Britain's part in Afghan War "disaster from the start"

As preface to the following analysis, this quote:
Downing Street was delighted with Barack Obama's ringing endorsement of the Anglo-American special relationship at the White House welcoming ceremony on Wednesday morning.
-- March 15, The Guardian

UK mission in Afghanistan - disaster from the start
March 13, 2012
The Guardian

A top priority for David Cameron and Barack Obama in their talks in Washington on Wednesday must be to convince the rest of the world that they really do want a political and strategic settlement in Afghanistan, and they want one soon. And it must be all-embracing and inclusive.

Senior Pakistani officials are correct when they say they have a special relationship with Afghanistan and no deal can be imposed on Kabul by the US. It is a legitimate argument, not only because of the activities of the Pakistan Taliban or Pakistan's role in exacerbating the insurgency in Afghanistan, but on the consequences of the Durand Line, that artificial boundary drawn up by a British official in the nineteenth century that cut through Pashtun tribal areas.

Serious talks must include all those who have a stake in Afghanistan's future. They should include Russia - increasingly concerned about the supply of heroin and a potential threat posed by Islamic militants in Afghanistan's northern neighbours, notably Uzbekistan - Iran, India, and China.

To demand as a matter of urgency a geopolitical and security settlement of the conflict in Afghanistan is in no way a kneejerk response to the killings of innocent killings by a US soldier of Afghan civilians, nine of them children.

It has been evident for a long time, whatever British and American generals say, that the presence of thousands of their troops in Afghanistan is contributing nothing to the national security of the UK or the US. On the contrary. Meanwhile, within Afghanistan, poverty and hunger abound.

Asked last month how he saw the situation in Afghanistan, Reto Stocker, head of the International Committee of the Red Cross delgation in the country replied: "Many Afghans simply say they want to leave their homeland. And they are questioning what has really improved over the past 10 years of conflict. Of course a lot of things have changed. There have been improvements to infrastructure and communications, to name only two areas.".

Stocker added: "But for the vast majority of the population Afghanistan is still a country at war, and they see little hope of the situation getting better anytime soon. In many parts of the country, and across different social groups, from what we can judge, there is a widespread mood of desperation".

The highly respected commentator and author, Ahmed Rashid, wrote this week in the Financial Times: "Increasing numbers of Afghans would agree with what the Taliban have been arguing for almost a decade: that the western presence in Afghanistan is prolonging the war, causing misery and bloodshed."

Britain's military presence in Afghanistan was ill-conceived from the start. With ill-judged enthusiasm Tony Blair in 2001 said Britain would be responsible for eliminating the reliance on the opium poppy harvest.

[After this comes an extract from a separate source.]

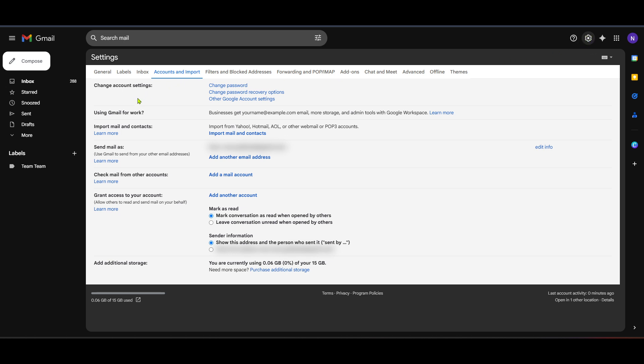Now that you're in the settings menu, you'll see several tabs across the top. Look for the tab labeled Accounts and Import and click on it. This is where you can manage both sending and receiving emails from different accounts.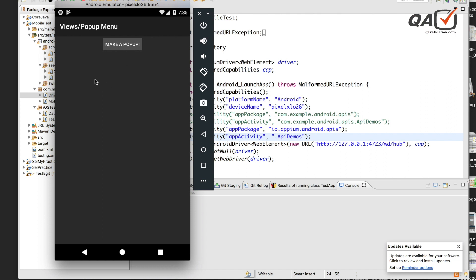Let's say I'm automating or debugging this particular screen and I keep running the script multiple times. I have to execute those three steps each time, which is unnecessary because I'm only interested in this screen. In this video I'm going to show how we can avoid those three unnecessary steps and directly launch this particular screen as soon as we invoke the application.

Among the first serious problems British troops faced when they were deployed in their thousands to Helmand in 2006 was how to allay Afghan fears that their livelihood was about to be taken away from them. "We're not here to destroy the poppy harvest", assured the soldiers, anxious not to provoke further an Afghan population already deeply suspicious of the motives of those who sent in the foreign troops.

Opium poppy and heroin production in Afghanistan is now at record levels.

The troops were deployed to Helmand in 2006 at a time the British army and their commanders were desperate to make amends for the failure to establish law and order in Basra. Far from learning the lessons from Iraq, the mistakes were compounded.

British commanders sent to Afghanistan, like those before them in Iraq, were given no intelligence about what to expect. What intelligence was passed on to them was, if anything, misleading. Nato spokesmen, concerned about doubts expressed even then in parliaments and by public opinion in member states, downplayed the dangers. Ill-conceived though well-meant tactics were made up on the hoof by UK commanders, sometimes forced on them by local Afghan governors and warlords.

British commanders lacked no courage in the field, and their troops lacked no bravery - far from it. But they were reluctant to confront their political masters. To speak truth to power.